EXERCISE AIM - Return only these lines: the one that contains "John Deere 6910" and every line after it through the end of the listing, exactly, without pictures.

DATA -
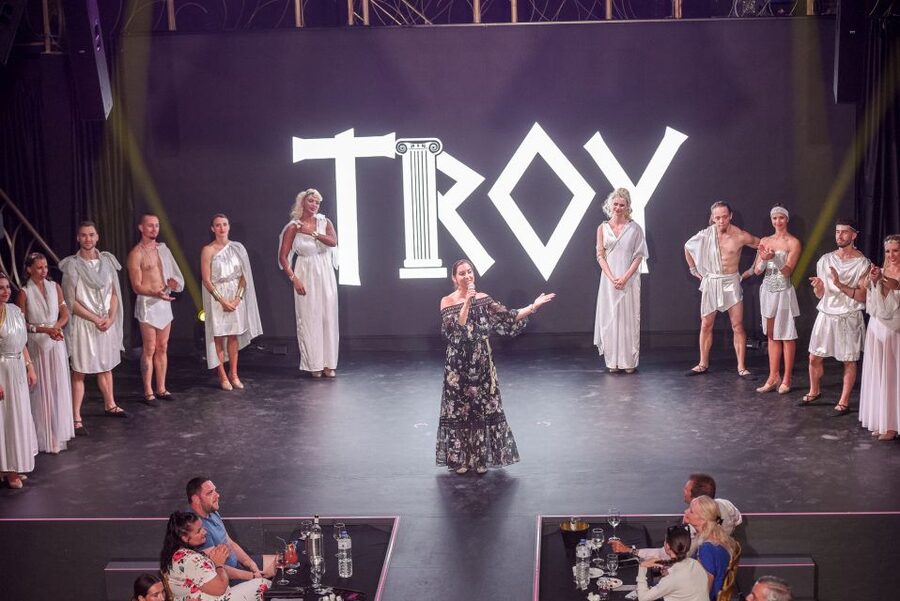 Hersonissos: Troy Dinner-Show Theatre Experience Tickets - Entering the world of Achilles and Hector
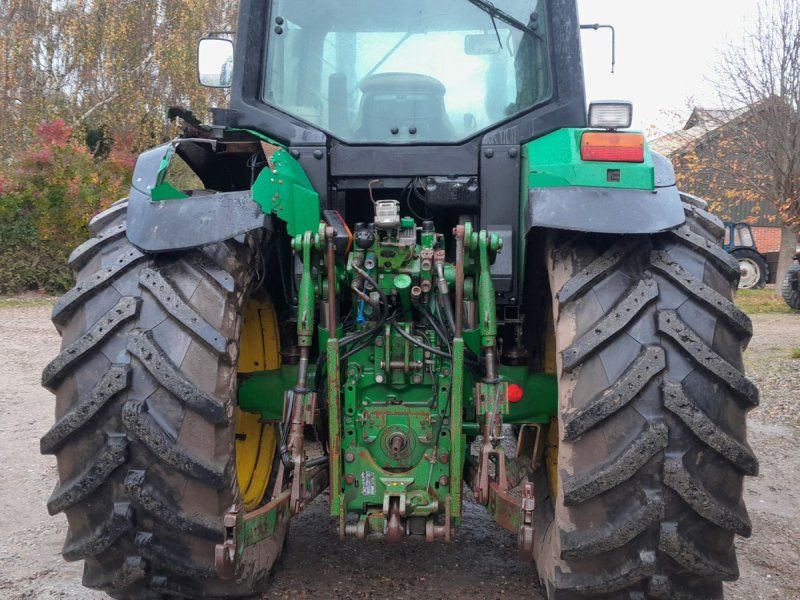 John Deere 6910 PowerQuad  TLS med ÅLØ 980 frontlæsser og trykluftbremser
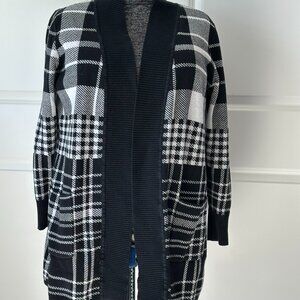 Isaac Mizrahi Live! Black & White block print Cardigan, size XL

WRITTEN ANSWER -
 John Deere 6910 PowerQuad  TLS med ÅLØ 980 frontlæsser og trykluftbremser
 Isaac Mizrahi Live! Black & White block print Cardigan, size XL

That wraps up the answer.